GCP – Power up your data analysis: The Data Science Agent now supports BigQuery ML, DataFrames, and Spark
We recently announced AI-first Colab Enterprise notebook experience in BigQuery and Vertex AI to help you simplify and transform your data science and analytics workflows. Colab Enterprise notebooks come with a built-in Data Science Agent to accelerate your data science development with agentic capabilities that facilitate data exploration, transformation, and machine learning modeling. With nothing but a simple prompt, the agent generates a detailed plan for your workflows – from data loading and cleaning to model training and evaluation.

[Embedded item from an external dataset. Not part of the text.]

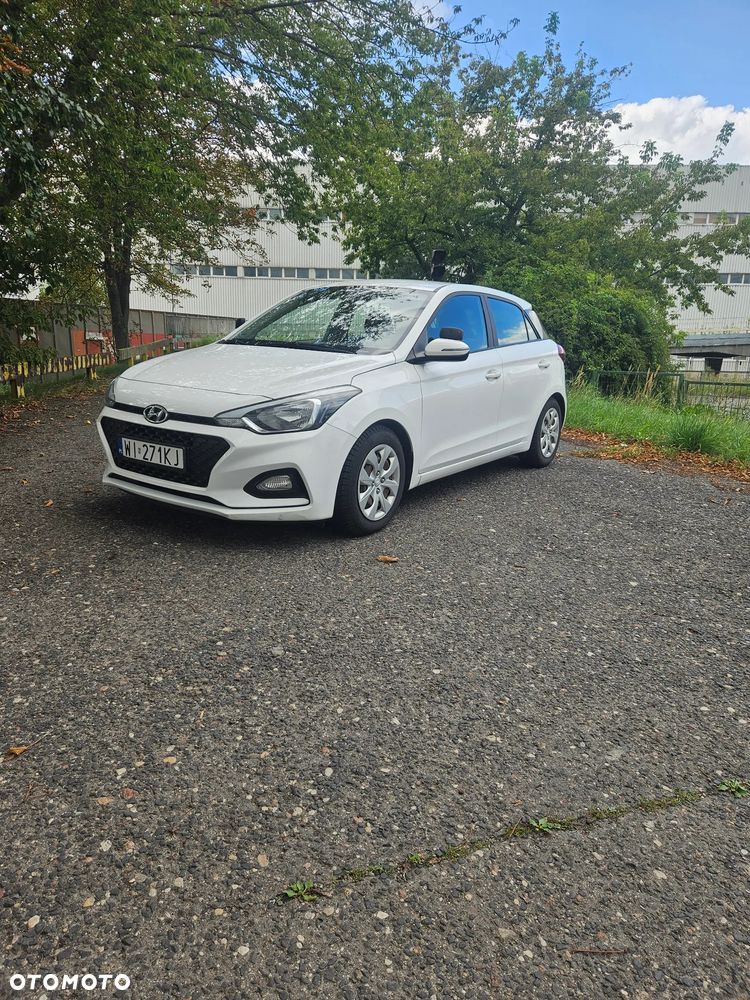 Hyundai i20 - 2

Today, we’re introducing powerful new features in the Data Science Agent to further simplify and scale your analytical journeys, especially with large and open-format datasets.

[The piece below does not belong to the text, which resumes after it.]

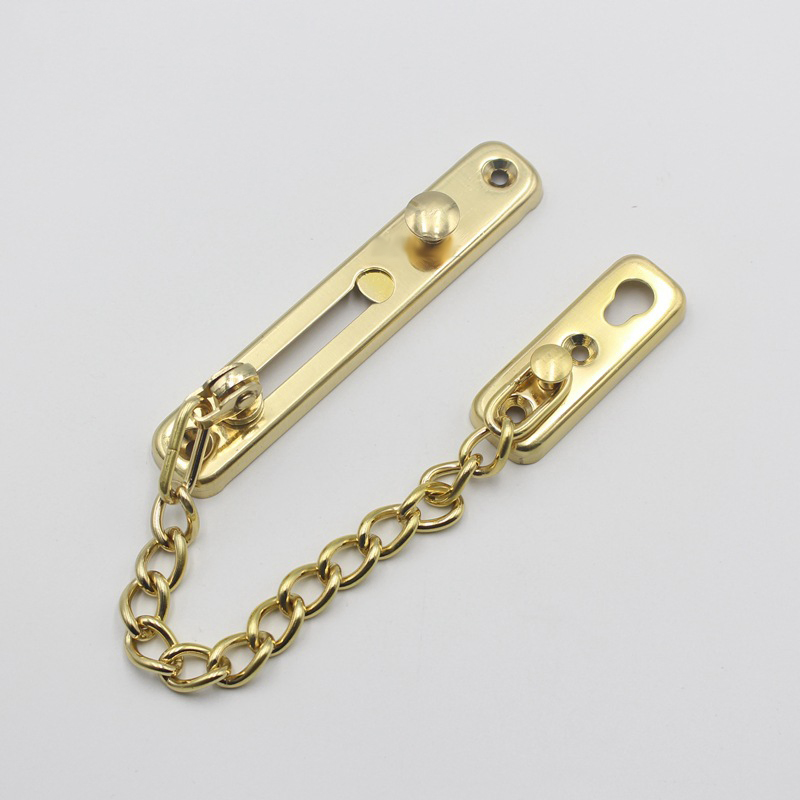 Children Safety Home Security Lock Buckle Guard Door Chain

Generate BigQuery ML, BigQuery DataFrames, & Spark
You can now harness the power of BigQuery Machine Learning (ML), BigQuery DataFrames (BigFrames), and Spark for large-scale data processing directly within the Data Science Agent. BigQuery ML and BigQuery DataFrames allow you to scale up data transformation, model training, and inference by running them directly on BigQuery. And with Serverless for Apache Spark, you can perform distributed data processing on large datasets, allowing you to work with data that is too large to fit into memory on a single machine.
To invoke these tools, simply include the following keywords in your prompt:
- For BigQuery ML: use “BigQuery ML”, “BQML”, or “SQL”
- For BigQuery DataFrames: specify “BigQuery DataFrames” or “BigFrames”
- For PySpark: include “Spark” or “PySpark”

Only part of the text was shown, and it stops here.